2.1 In overweging 2.2 tot en met 2.5 heeft de voorzitter de feiten vastgesteld waarvan in deze procedure wordt uitgegaan. Deze feiten zijn door klaagster niet betwist zodat deze ook in verzet het uitgangspunt vormen.

2.2 Bij brief met bijlagen van 12 juli 2011 heeft klaagster zich bij de deken beklaagd over verweerster.

3 KLACHT EN VERZET

3.1 De klacht houdt, zakelijk weergegeven, in dat verweerster tuchtrechtelijk verwijtbaar heeft gehandeld als bedoeld in artikel 46 Advocatenwet doordat:

a) verweerster contact heeft gehad met de wederpartij, zonder dat klaagster daarvan in kennis is gesteld;

b) verweerster tekort is geschoten in de behandeling van de zaak door de vordering onvoldoende te onderbouwen;

c) verweerster tekort is geschoten in de behandeling van de zaak door de vordering te laten verjaren.

3.2 In (de toelichting op) het verzetschrift herhaalt en handhaaft klaagster haar bezwaren tegen verweerster.
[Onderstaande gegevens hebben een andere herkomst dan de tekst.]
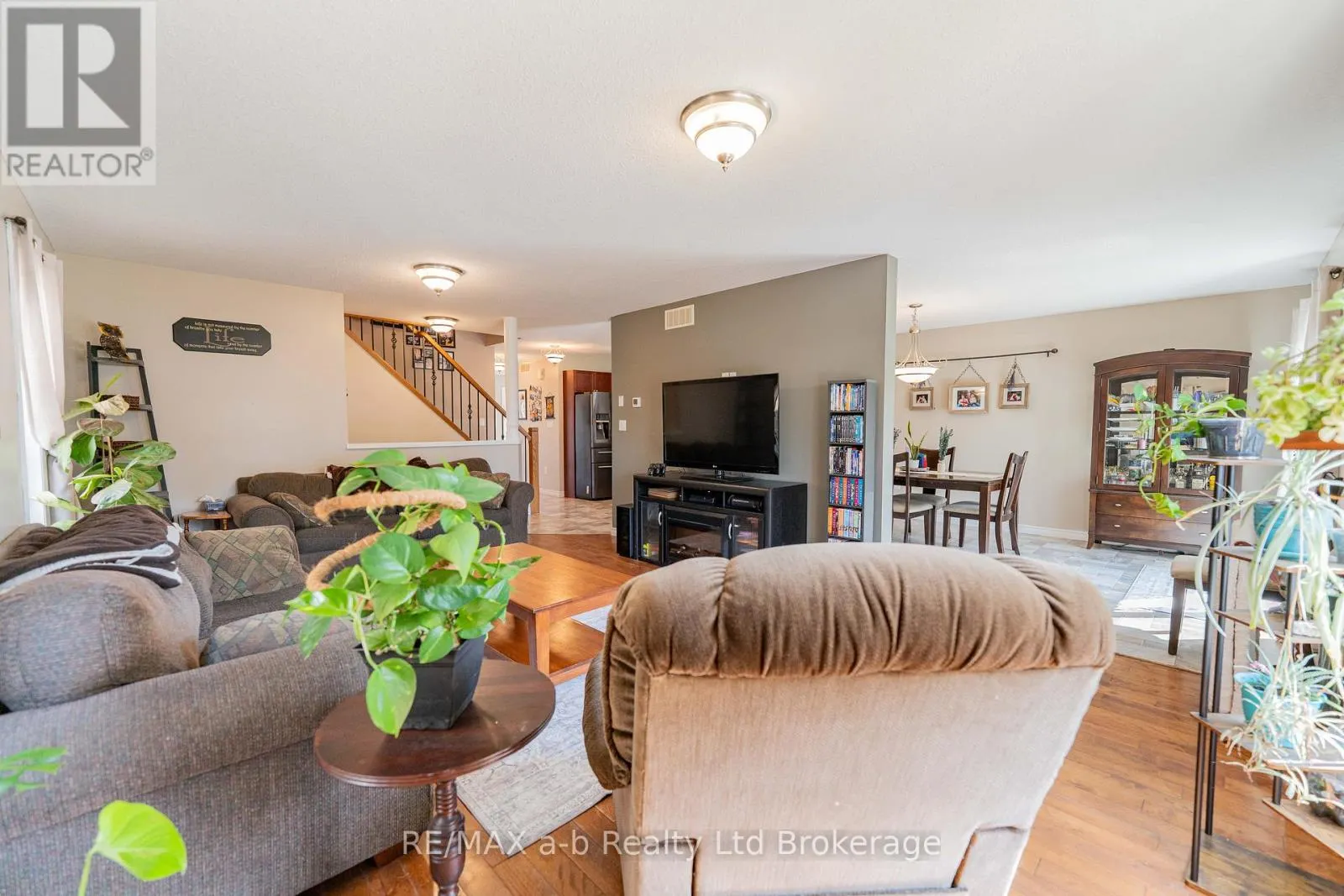 9 LANGRELL AVENUE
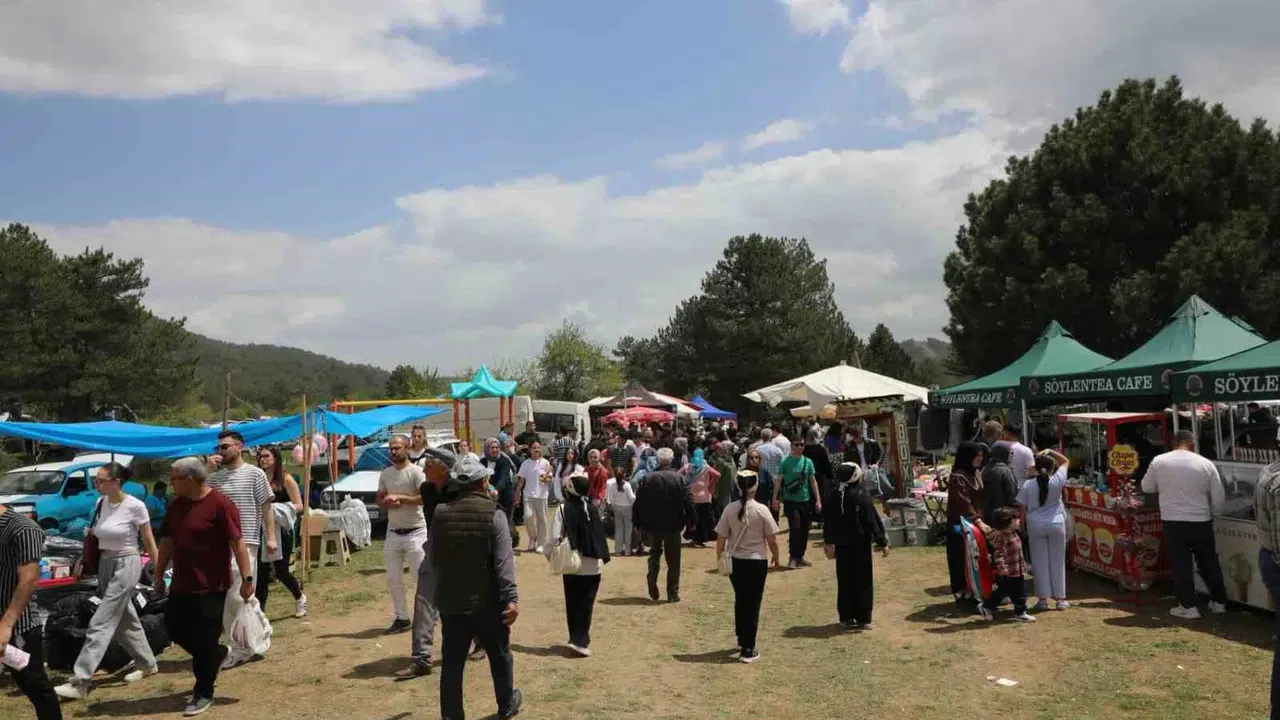 Kütahya’da bahar şöleni: 25 bin kişi Tahtalı Göleti’nde buluştu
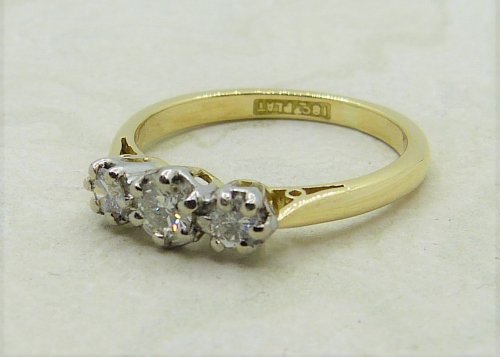 Antique Guest and Philips - 0.35ct Diamond Set, Yellow Gold - Platinum - Three Stone Ring R4132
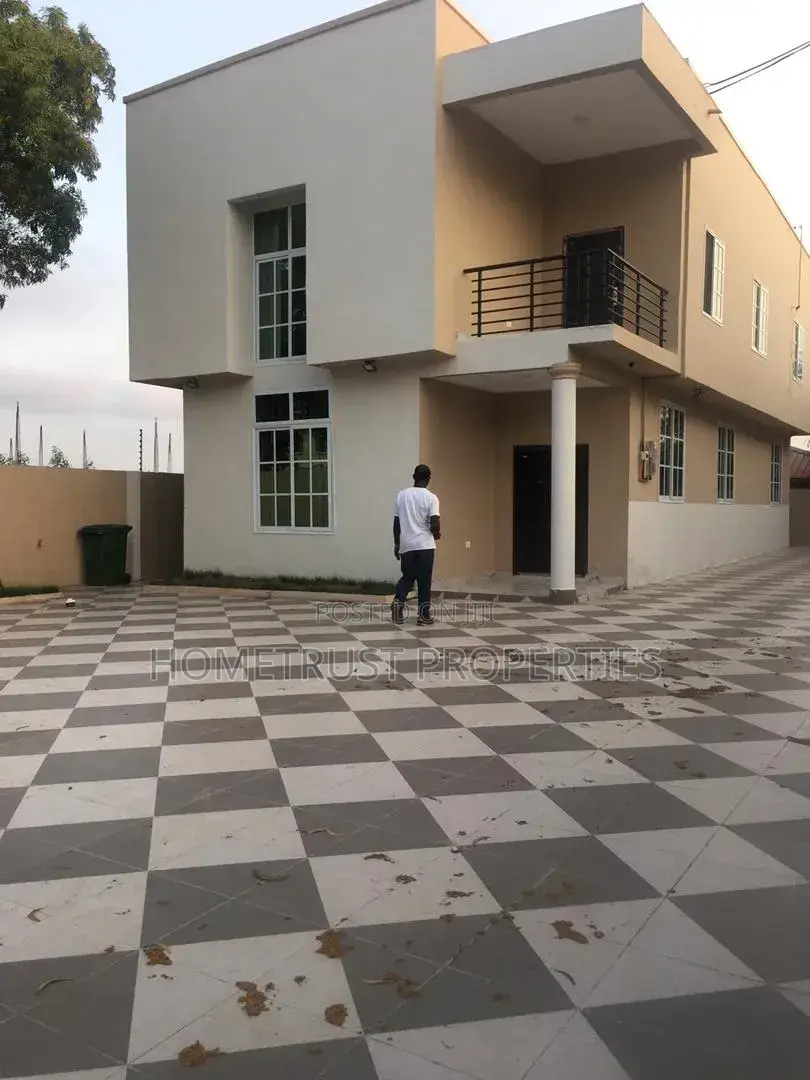 4bdrm Duplex in Pokuase Ga Odumase for sale in Pokuase
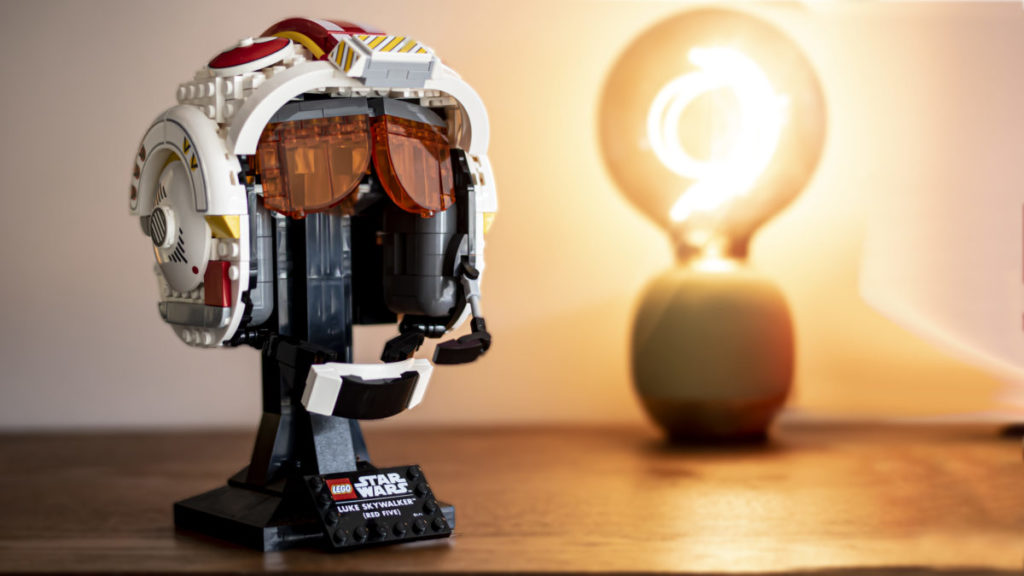 75327 Luke Skywalker Red Five Helmet FEATURED IMAGE 2 1024x576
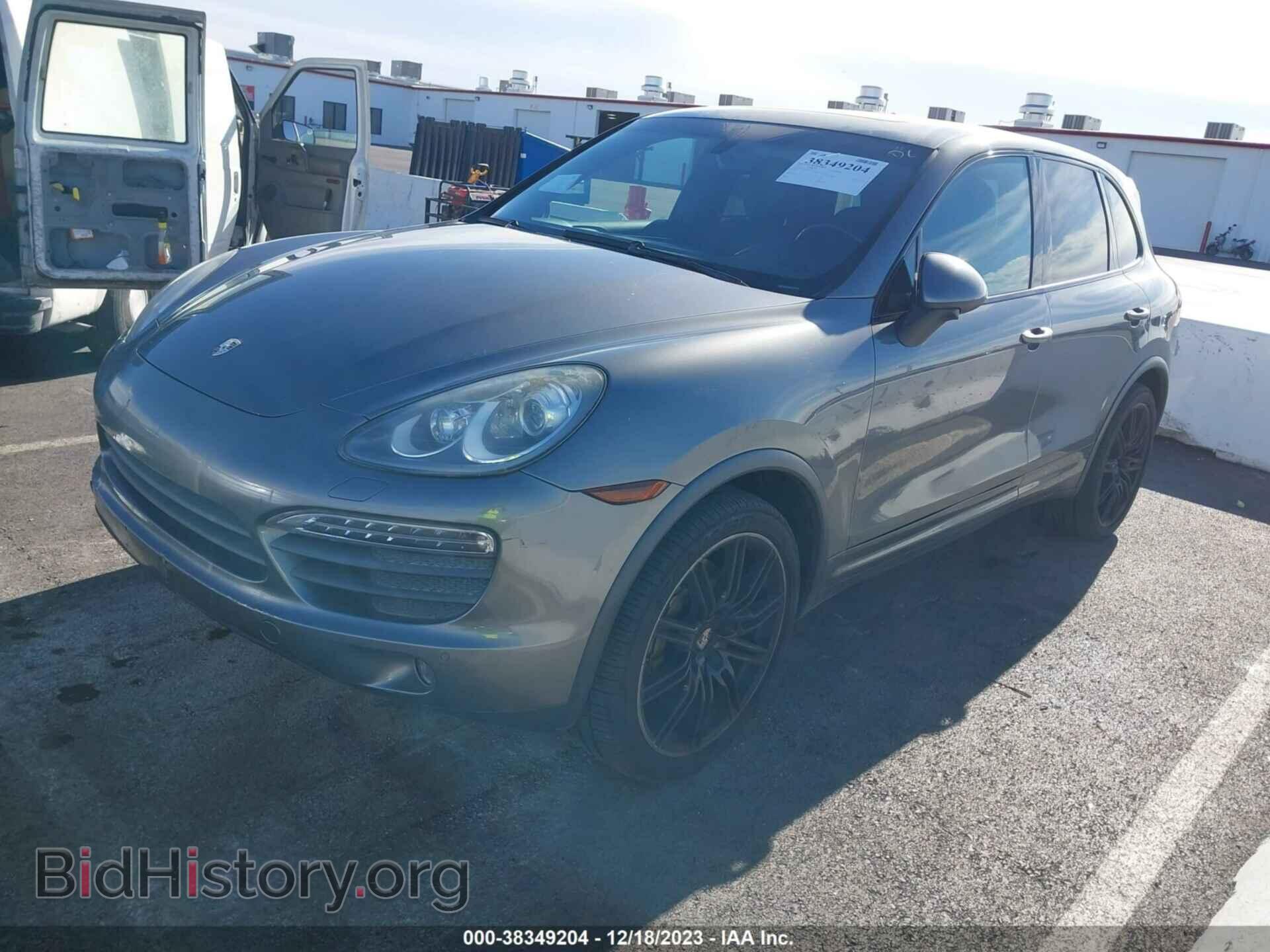 2011 PORSCHE CAYENNE - VIN: WP1AB2A22BLA51476 - Фото 2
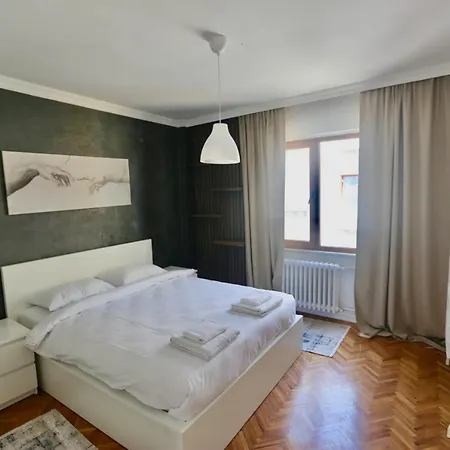 Very Close To Luxury Shopping Streets * 伊斯坦布尔
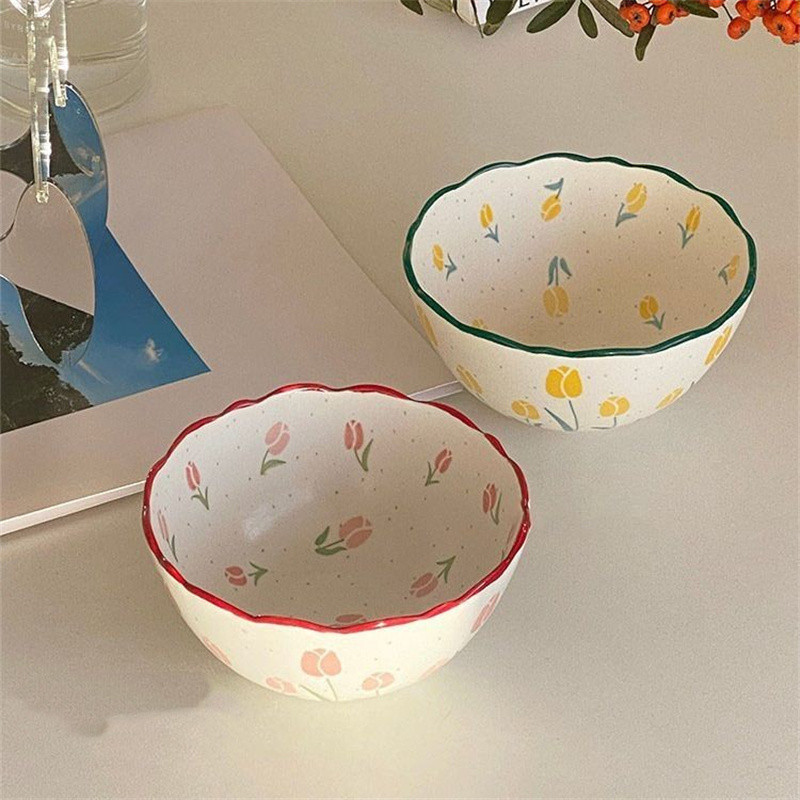Mažas šviežių tulpių keraminis dubenėlis su labai gražiu susmulkintų gėlių pusryčių dubenėliu studentų bendrabutyje greitai paruošiamų makaronų dubenėlis su salotomis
Zij stelt dat het feit, dat in deze zaak een zo lange tijd is verstreken, zijn oorzaak vindt in de omstandigheid dat zij ten onrechte zeer slecht staat aangeschreven en dat het de deken daardoor niet is gelukt haar opvolgende advocaten toe te wijzen.

4 BEOORDELING

4.1 De behandeling van het verzet heeft niet geleid tot andere beschouwingen of conclusies ten aanzien van de onderdelen van de klacht dan die van de voorzitter.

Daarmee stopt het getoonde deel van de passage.